### Required work
Repeat the records exactly, so that each line matches the original.

↓

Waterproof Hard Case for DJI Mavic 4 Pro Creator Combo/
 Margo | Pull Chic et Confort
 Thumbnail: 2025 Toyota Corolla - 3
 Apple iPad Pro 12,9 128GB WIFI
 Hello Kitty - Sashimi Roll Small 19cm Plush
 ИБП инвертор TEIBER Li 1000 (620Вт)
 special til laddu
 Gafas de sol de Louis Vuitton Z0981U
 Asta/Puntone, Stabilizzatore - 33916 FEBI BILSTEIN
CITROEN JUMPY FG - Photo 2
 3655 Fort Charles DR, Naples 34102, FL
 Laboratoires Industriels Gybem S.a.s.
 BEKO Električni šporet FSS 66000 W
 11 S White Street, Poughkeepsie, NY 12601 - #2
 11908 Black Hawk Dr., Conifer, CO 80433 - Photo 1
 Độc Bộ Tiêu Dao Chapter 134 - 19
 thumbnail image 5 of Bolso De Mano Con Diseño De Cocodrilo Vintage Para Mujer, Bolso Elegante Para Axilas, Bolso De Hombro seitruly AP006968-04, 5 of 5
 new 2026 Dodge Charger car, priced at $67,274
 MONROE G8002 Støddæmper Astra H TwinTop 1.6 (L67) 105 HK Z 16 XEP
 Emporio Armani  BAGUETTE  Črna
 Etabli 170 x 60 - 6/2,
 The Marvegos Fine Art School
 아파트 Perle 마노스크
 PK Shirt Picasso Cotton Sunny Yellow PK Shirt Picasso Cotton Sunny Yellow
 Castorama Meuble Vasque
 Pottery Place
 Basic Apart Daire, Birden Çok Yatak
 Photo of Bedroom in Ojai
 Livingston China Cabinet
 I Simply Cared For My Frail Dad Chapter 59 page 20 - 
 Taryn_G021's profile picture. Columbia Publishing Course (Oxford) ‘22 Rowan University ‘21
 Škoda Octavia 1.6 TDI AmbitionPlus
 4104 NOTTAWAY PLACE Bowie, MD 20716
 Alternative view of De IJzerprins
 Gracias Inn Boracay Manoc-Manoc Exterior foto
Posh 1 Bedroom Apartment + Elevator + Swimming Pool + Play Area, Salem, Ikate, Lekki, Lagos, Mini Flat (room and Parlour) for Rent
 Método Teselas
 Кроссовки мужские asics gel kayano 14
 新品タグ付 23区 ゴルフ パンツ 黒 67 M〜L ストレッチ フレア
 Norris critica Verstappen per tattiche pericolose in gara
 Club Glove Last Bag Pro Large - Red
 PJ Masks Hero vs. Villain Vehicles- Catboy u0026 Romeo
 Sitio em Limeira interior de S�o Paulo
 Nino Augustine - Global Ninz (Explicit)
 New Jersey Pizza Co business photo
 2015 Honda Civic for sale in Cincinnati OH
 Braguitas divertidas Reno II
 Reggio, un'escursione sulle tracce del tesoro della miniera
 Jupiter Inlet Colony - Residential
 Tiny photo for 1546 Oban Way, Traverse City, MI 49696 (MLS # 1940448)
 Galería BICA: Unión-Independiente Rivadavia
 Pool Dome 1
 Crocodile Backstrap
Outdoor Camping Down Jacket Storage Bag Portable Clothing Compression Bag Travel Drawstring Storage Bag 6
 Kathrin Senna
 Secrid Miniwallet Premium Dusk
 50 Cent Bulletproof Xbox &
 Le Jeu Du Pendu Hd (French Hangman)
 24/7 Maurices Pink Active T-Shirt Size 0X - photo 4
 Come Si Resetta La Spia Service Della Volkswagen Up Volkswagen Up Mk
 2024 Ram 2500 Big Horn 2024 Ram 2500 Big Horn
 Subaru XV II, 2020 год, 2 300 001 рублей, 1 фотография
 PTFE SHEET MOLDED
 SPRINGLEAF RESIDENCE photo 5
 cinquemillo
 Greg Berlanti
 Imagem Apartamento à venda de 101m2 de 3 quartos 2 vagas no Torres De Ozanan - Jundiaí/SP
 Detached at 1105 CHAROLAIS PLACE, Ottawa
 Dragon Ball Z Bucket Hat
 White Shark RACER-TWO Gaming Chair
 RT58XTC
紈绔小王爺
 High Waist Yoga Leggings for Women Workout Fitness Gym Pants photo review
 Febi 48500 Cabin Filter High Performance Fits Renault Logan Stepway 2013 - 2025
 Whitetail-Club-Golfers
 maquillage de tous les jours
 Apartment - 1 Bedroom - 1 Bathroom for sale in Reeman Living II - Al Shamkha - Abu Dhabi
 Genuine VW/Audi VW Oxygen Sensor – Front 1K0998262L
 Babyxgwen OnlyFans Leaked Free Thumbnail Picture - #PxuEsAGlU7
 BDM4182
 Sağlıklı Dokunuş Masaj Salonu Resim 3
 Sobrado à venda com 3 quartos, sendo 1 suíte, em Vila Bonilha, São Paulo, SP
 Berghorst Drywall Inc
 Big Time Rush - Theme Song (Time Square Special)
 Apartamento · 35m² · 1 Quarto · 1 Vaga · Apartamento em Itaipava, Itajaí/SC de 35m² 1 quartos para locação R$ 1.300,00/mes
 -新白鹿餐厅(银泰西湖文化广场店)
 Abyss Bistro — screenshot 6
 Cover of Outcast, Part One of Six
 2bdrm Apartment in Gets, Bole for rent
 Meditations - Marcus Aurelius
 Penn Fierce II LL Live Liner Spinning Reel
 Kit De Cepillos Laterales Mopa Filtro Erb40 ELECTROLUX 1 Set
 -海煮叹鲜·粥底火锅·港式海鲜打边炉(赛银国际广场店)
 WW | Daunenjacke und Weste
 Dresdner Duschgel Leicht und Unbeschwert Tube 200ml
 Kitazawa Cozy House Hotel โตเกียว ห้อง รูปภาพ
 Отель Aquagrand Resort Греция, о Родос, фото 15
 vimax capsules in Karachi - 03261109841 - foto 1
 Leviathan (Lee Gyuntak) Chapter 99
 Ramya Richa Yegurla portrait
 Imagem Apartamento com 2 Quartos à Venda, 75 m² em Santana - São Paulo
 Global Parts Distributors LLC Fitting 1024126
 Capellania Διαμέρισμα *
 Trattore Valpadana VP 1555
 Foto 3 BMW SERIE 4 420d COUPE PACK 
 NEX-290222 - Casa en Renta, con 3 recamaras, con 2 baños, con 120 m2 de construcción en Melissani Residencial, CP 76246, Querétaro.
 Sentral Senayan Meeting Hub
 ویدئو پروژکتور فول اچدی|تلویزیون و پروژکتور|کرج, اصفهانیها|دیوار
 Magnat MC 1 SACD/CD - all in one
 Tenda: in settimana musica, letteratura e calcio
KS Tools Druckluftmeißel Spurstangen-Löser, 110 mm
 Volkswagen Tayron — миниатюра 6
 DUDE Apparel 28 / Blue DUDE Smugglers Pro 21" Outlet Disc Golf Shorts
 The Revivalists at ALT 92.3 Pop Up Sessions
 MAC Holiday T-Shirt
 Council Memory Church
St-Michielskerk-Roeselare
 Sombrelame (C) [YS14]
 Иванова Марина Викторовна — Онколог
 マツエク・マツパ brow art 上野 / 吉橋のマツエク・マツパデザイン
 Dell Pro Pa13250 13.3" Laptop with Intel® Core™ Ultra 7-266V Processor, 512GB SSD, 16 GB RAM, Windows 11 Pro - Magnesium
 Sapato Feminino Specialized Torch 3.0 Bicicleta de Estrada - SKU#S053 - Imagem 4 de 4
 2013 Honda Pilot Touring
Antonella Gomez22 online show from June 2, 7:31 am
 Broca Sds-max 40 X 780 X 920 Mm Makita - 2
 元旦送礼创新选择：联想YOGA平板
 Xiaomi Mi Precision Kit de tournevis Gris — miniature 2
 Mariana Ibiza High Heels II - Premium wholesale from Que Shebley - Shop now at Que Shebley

↑

### Reply to the task
Waterproof Hard Case for DJI Mavic 4 Pro Creator Combo/
 Margo | Pull Chic et Confort
 Thumbnail: 2025 Toyota Corolla - 3
 Apple iPad Pro 12,9 128GB WIFI
 Hello Kitty - Sashimi Roll Small 19cm Plush
 ИБП инвертор TEIBER Li 1000 (620Вт)
 special til laddu
 Gafas de sol de Louis Vuitton Z0981U
 Asta/Puntone, Stabilizzatore - 33916 FEBI BILSTEIN
CITROEN JUMPY FG - Photo 2
 3655 Fort Charles DR, Naples 34102, FL
 Laboratoires Industriels Gybem S.a.s.
 BEKO Električni šporet FSS 66000 W
 11 S White Street, Poughkeepsie, NY 12601 - #2
 11908 Black Hawk Dr., Conifer, CO 80433 - Photo 1
 Độc Bộ Tiêu Dao Chapter 134 - 19
 thumbnail image 5 of Bolso De Mano Con Diseño De Cocodrilo Vintage Para Mujer, Bolso Elegante Para Axilas, Bolso De Hombro seitruly AP006968-04, 5 of 5
 new 2026 Dodge Charger car, priced at $67,274
 MONROE G8002 Støddæmper Astra H TwinTop 1.6 (L67) 105 HK Z 16 XEP
 Emporio Armani  BAGUETTE  Črna
 Etabli 170 x 60 - 6/2,
 The Marvegos Fine Art School
 아파트 Perle 마노스크
 PK Shirt Picasso Cotton Sunny Yellow PK Shirt Picasso Cotton Sunny Yellow
 Castorama Meuble Vasque
 Pottery Place
 Basic Apart Daire, Birden Çok Yatak
 Photo of Bedroom in Ojai
 Livingston China Cabinet
 I Simply Cared For My Frail Dad Chapter 59 page 20 - 
 Taryn_G021's profile picture. Columbia Publishing Course (Oxford) ‘22 Rowan University ‘21
 Škoda Octavia 1.6 TDI AmbitionPlus
 4104 NOTTAWAY PLACE Bowie, MD 20716
 Alternative view of De IJzerprins
 Gracias Inn Boracay Manoc-Manoc Exterior foto
Posh 1 Bedroom Apartment + Elevator + Swimming Pool + Play Area, Salem, Ikate, Lekki, Lagos, Mini Flat (room and Parlour) for Rent
 Método Teselas
 Кроссовки мужские asics gel kayano 14
 新品タグ付 23区 ゴルフ パンツ 黒 67 M〜L ストレッチ フレア
 Norris critica Verstappen per tattiche pericolose in gara
 Club Glove Last Bag Pro Large - Red
 PJ Masks Hero vs. Villain Vehicles- Catboy u0026 Romeo
 Sitio em Limeira interior de S�o Paulo
 Nino Augustine - Global Ninz (Explicit)
 New Jersey Pizza Co business photo
 2015 Honda Civic for sale in Cincinnati OH
 Braguitas divertidas Reno II
 Reggio, un'escursione sulle tracce del tesoro della miniera
 Jupiter Inlet Colony - Residential
 Tiny photo for 1546 Oban Way, Traverse City, MI 49696 (MLS # 1940448)
 Galería BICA: Unión-Independiente Rivadavia
 Pool Dome 1
 Crocodile Backstrap
Outdoor Camping Down Jacket Storage Bag Portable Clothing Compression Bag Travel Drawstring Storage Bag 6
 Kathrin Senna
 Secrid Miniwallet Premium Dusk
 50 Cent Bulletproof Xbox &
 Le Jeu Du Pendu Hd (French Hangman)
 24/7 Maurices Pink Active T-Shirt Size 0X - photo 4
 Come Si Resetta La Spia Service Della Volkswagen Up Volkswagen Up Mk
 2024 Ram 2500 Big Horn 2024 Ram 2500 Big Horn
 Subaru XV II, 2020 год, 2 300 001 рублей, 1 фотография
 PTFE SHEET MOLDED
 SPRINGLEAF RESIDENCE photo 5
 cinquemillo
 Greg Berlanti
 Imagem Apartamento à venda de 101m2 de 3 quartos 2 vagas no Torres De Ozanan - Jundiaí/SP
 Detached at 1105 CHAROLAIS PLACE, Ottawa
 Dragon Ball Z Bucket Hat
 White Shark RACER-TWO Gaming Chair
 RT58XTC
紈绔小王爺
 High Waist Yoga Leggings for Women Workout Fitness Gym Pants photo review
 Febi 48500 Cabin Filter High Performance Fits Renault Logan Stepway 2013 - 2025
 Whitetail-Club-Golfers
 maquillage de tous les jours
 Apartment - 1 Bedroom - 1 Bathroom for sale in Reeman Living II - Al Shamkha - Abu Dhabi
 Genuine VW/Audi VW Oxygen Sensor – Front 1K0998262L
 Babyxgwen OnlyFans Leaked Free Thumbnail Picture - #PxuEsAGlU7
 BDM4182
 Sağlıklı Dokunuş Masaj Salonu Resim 3
 Sobrado à venda com 3 quartos, sendo 1 suíte, em Vila Bonilha, São Paulo, SP
 Berghorst Drywall Inc
 Big Time Rush - Theme Song (Time Square Special)
 Apartamento · 35m² · 1 Quarto · 1 Vaga · Apartamento em Itaipava, Itajaí/SC de 35m² 1 quartos para locação R$ 1.300,00/mes
 -新白鹿餐厅(银泰西湖文化广场店)
 Abyss Bistro — screenshot 6
 Cover of Outcast, Part One of Six
 2bdrm Apartment in Gets, Bole for rent
 Meditations - Marcus Aurelius
 Penn Fierce II LL Live Liner Spinning Reel
 Kit De Cepillos Laterales Mopa Filtro Erb40 ELECTROLUX 1 Set
 -海煮叹鲜·粥底火锅·港式海鲜打边炉(赛银国际广场店)
 WW | Daunenjacke und Weste
 Dresdner Duschgel Leicht und Unbeschwert Tube 200ml
 Kitazawa Cozy House Hotel โตเกียว ห้อง รูปภาพ
 Отель Aquagrand Resort Греция, о Родос, фото 15
 vimax capsules in Karachi - 03261109841 - foto 1
 Leviathan (Lee Gyuntak) Chapter 99
 Ramya Richa Yegurla portrait
 Imagem Apartamento com 2 Quartos à Venda, 75 m² em Santana - São Paulo
 Global Parts Distributors LLC Fitting 1024126
 Capellania Διαμέρισμα *
 Trattore Valpadana VP 1555
 Foto 3 BMW SERIE 4 420d COUPE PACK 
 NEX-290222 - Casa en Renta, con 3 recamaras, con 2 baños, con 120 m2 de construcción en Melissani Residencial, CP 76246, Querétaro.
 Sentral Senayan Meeting Hub
 ویدئو پروژکتور فول اچدی|تلویزیون و پروژکتور|کرج, اصفهانیها|دیوار
 Magnat MC 1 SACD/CD - all in one
 Tenda: in settimana musica, letteratura e calcio
KS Tools Druckluftmeißel Spurstangen-Löser, 110 mm
 Volkswagen Tayron — миниатюра 6
 DUDE Apparel 28 / Blue DUDE Smugglers Pro 21" Outlet Disc Golf Shorts
 The Revivalists at ALT 92.3 Pop Up Sessions
 MAC Holiday T-Shirt
 Council Memory Church
St-Michielskerk-Roeselare
 Sombrelame (C) [YS14]
 Иванова Марина Викторовна — Онколог
 マツエク・マツパ brow art 上野 / 吉橋のマツエク・マツパデザイン
 Dell Pro Pa13250 13.3" Laptop with Intel® Core™ Ultra 7-266V Processor, 512GB SSD, 16 GB RAM, Windows 11 Pro - Magnesium
 Sapato Feminino Specialized Torch 3.0 Bicicleta de Estrada - SKU#S053 - Imagem 4 de 4
 2013 Honda Pilot Touring
Antonella Gomez22 online show from June 2, 7:31 am
 Broca Sds-max 40 X 780 X 920 Mm Makita - 2
 元旦送礼创新选择：联想YOGA平板
 Xiaomi Mi Precision Kit de tournevis Gris — miniature 2
 Mariana Ibiza High Heels II - Premium wholesale from Que Shebley - Shop now at Que Shebley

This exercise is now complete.